Cove and refuge in the Palmer Archipelago of Antarctica

Dorian Bay is a cove on the northwest side of Wiencke Island, 0.5 nautical miles (1 km) east-northeast of Damoy Point, in the Palmer Archipelago of Antarctica. It was discovered by the French Antarctic Expedition, 1903–05, under Jean-Baptiste Charcot, and named by him after Monsieur Dorian, a member of the French Chamber of Deputies.

==Bahia Dorian Refuge and Damoy Hut==
Two structures were erected on the shores of Dorian Bay; the Argentine Refugio Bahia Dorian in 1957, and a larger building known as the Damoy Hut in 1975, where it served flights to and from a summer-use ice-strip for aircraft used before the sea-ice cleared near Rothera Base.
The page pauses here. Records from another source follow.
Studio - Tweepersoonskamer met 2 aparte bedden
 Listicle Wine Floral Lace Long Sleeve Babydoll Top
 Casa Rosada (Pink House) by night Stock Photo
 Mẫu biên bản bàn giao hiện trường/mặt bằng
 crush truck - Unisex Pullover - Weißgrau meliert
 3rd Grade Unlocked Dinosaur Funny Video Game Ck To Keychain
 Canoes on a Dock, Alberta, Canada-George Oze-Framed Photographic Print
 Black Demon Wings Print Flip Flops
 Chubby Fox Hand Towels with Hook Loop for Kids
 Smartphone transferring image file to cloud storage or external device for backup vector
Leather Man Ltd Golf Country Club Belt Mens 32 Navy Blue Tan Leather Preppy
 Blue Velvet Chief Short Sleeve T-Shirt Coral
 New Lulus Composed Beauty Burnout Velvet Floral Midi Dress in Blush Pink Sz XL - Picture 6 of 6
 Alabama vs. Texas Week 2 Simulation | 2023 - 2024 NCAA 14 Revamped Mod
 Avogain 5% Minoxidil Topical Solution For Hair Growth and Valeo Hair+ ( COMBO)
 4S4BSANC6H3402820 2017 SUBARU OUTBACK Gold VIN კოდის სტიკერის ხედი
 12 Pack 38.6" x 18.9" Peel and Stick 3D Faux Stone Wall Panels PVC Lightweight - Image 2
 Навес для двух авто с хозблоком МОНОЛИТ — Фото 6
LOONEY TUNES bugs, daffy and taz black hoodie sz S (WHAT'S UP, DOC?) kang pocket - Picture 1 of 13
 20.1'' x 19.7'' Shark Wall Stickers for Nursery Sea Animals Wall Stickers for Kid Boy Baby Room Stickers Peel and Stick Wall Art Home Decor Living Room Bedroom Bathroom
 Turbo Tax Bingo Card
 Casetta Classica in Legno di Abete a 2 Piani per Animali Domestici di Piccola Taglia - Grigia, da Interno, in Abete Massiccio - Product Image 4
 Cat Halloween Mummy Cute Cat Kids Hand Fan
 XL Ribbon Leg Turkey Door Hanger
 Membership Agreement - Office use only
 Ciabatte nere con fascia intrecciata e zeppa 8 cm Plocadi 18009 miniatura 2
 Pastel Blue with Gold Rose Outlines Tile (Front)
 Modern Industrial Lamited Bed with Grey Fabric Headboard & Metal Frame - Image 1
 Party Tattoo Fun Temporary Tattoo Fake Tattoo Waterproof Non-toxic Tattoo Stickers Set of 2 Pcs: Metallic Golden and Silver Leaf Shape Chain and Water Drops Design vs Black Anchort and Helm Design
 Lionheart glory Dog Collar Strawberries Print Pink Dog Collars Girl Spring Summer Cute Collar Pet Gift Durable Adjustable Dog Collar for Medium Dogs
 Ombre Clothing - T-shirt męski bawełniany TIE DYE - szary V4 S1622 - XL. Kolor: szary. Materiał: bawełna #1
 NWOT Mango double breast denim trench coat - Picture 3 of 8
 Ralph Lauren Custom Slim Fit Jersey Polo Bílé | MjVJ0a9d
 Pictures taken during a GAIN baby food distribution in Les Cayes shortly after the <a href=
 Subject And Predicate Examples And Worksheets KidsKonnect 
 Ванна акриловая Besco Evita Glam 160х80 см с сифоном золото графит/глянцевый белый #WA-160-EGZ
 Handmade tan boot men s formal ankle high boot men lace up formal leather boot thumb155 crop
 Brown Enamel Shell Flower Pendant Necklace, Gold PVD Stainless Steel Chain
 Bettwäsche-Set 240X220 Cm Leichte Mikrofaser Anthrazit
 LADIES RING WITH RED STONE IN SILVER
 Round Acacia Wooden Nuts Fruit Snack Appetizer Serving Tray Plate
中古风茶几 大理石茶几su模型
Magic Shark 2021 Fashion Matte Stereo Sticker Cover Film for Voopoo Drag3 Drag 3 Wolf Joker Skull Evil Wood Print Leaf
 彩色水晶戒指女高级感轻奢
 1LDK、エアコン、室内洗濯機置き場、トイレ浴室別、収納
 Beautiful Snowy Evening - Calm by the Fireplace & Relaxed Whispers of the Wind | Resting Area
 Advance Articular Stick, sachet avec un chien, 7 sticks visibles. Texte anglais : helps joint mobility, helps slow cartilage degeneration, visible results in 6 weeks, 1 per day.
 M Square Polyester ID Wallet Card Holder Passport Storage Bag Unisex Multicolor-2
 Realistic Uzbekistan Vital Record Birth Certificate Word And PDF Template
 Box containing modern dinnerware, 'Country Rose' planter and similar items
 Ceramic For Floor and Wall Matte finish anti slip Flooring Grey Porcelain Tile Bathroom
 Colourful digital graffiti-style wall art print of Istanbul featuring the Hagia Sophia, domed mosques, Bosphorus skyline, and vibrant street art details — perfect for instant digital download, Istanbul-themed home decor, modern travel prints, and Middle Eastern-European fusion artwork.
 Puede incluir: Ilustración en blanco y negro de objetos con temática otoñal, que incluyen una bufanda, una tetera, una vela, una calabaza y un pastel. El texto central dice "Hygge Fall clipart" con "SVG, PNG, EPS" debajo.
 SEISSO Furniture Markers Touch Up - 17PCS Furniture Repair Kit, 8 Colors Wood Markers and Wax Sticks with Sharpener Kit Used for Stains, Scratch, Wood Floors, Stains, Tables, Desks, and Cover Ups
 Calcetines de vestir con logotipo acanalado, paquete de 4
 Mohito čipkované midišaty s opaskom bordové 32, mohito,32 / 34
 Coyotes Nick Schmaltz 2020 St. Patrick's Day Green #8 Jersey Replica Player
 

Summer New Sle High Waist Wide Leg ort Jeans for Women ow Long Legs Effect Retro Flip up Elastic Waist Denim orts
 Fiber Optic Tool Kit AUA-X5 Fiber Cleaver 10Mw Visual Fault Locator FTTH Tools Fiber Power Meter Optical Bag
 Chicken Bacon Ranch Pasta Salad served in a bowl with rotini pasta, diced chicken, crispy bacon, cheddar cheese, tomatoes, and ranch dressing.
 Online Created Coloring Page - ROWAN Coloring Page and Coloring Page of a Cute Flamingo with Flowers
The Damoy hut and ice-strip were closed in 1995: the building is now listed as an Historic Site and Monument and is maintained and administered by the United Kingdom Antarctic Heritage Trust.

== 1990 wintering ==
Starting in 1990, Amyr Klink spent 13 months in Dorian Bay with the ship Paratii. The wintering is the theme of his book Between Two Poles.
Amyr Klink’s daughter, Tamara, in the book "Good Morning, Winter", refers to that voyage. She says: "I had not been born yet when my father wintered alone in Antarctica. In 1989, he set out on his red sailboat from Paraty Bay toward the southernmost parts of the world. When he reached Dorian Bay, on the west coast of the Antarctic Peninsula, he anchored the yacht Paratii and waited for the sea to freeze."